------ AVAILABLE DATA
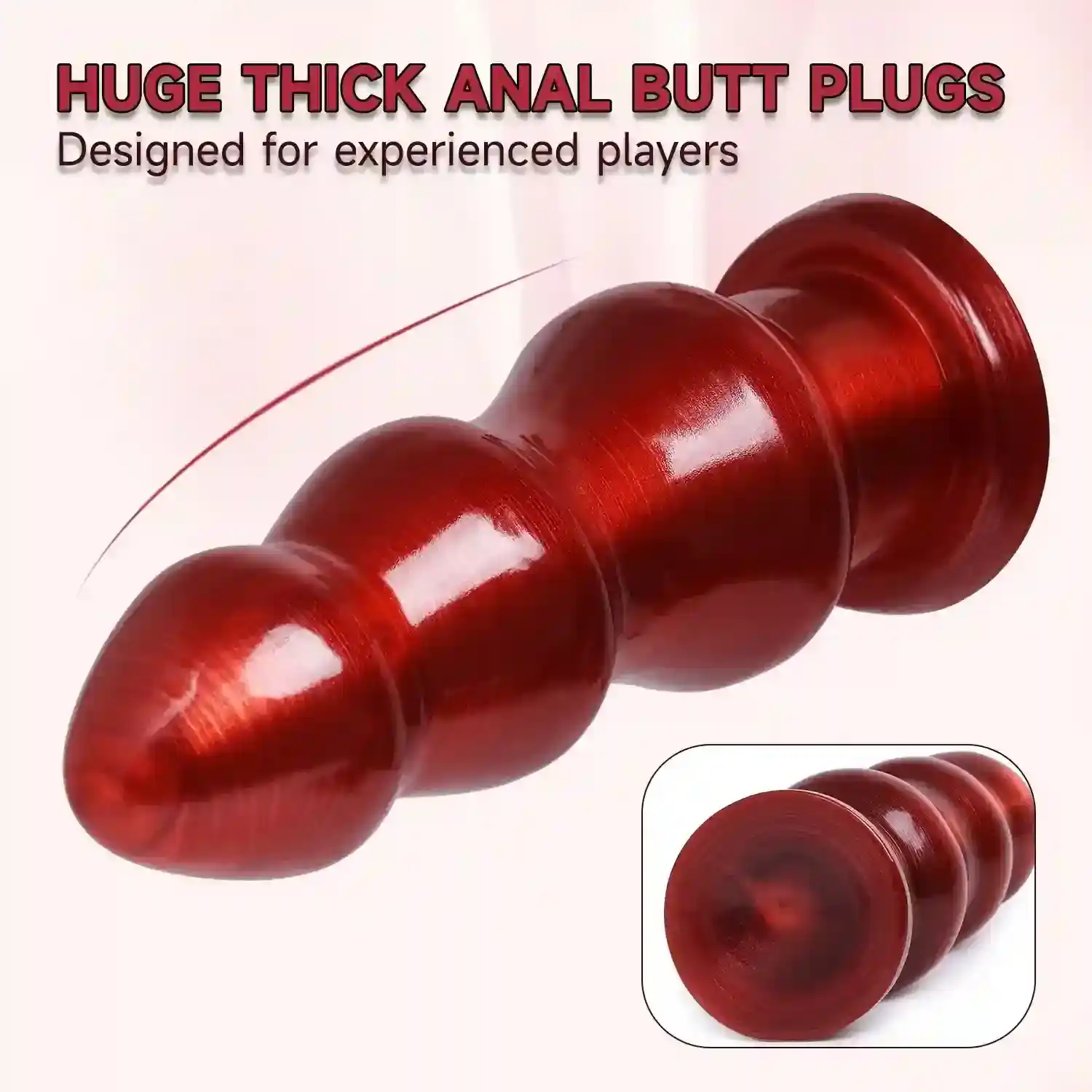 plug anal pvc lisse pour insertion profonde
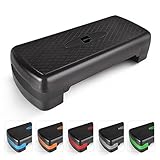 Pasos de ejercicio – para el hogar y el gimnasio,20 cm) (negro)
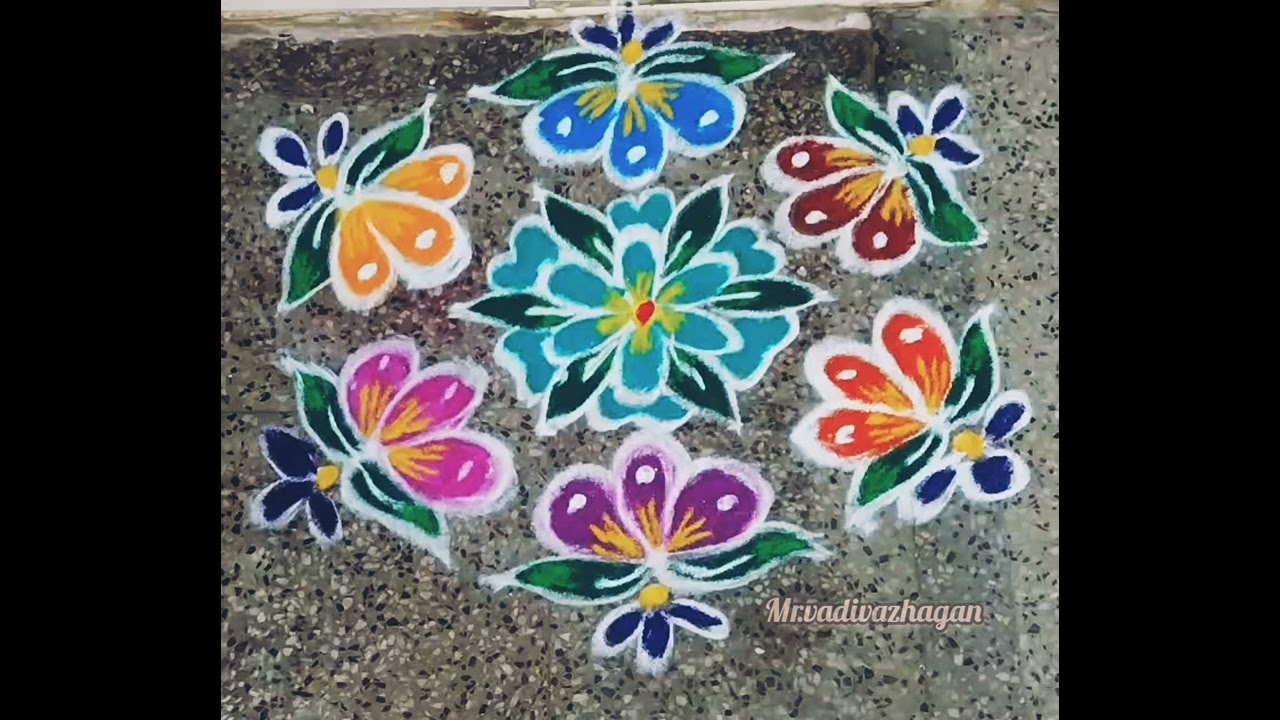 மார்கழி கோலம் | floor art | kolam for beginners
------------
▶ EXERCISE GOAL
Set down the material word for word, and drop every picture from it.

▶ SOLUTION
 plug anal pvc lisse pour insertion profonde
 Pasos de ejercicio – para el hogar y el gimnasio,20 cm) (negro)
 மார்கழி கோலம் | floor art | kolam for beginners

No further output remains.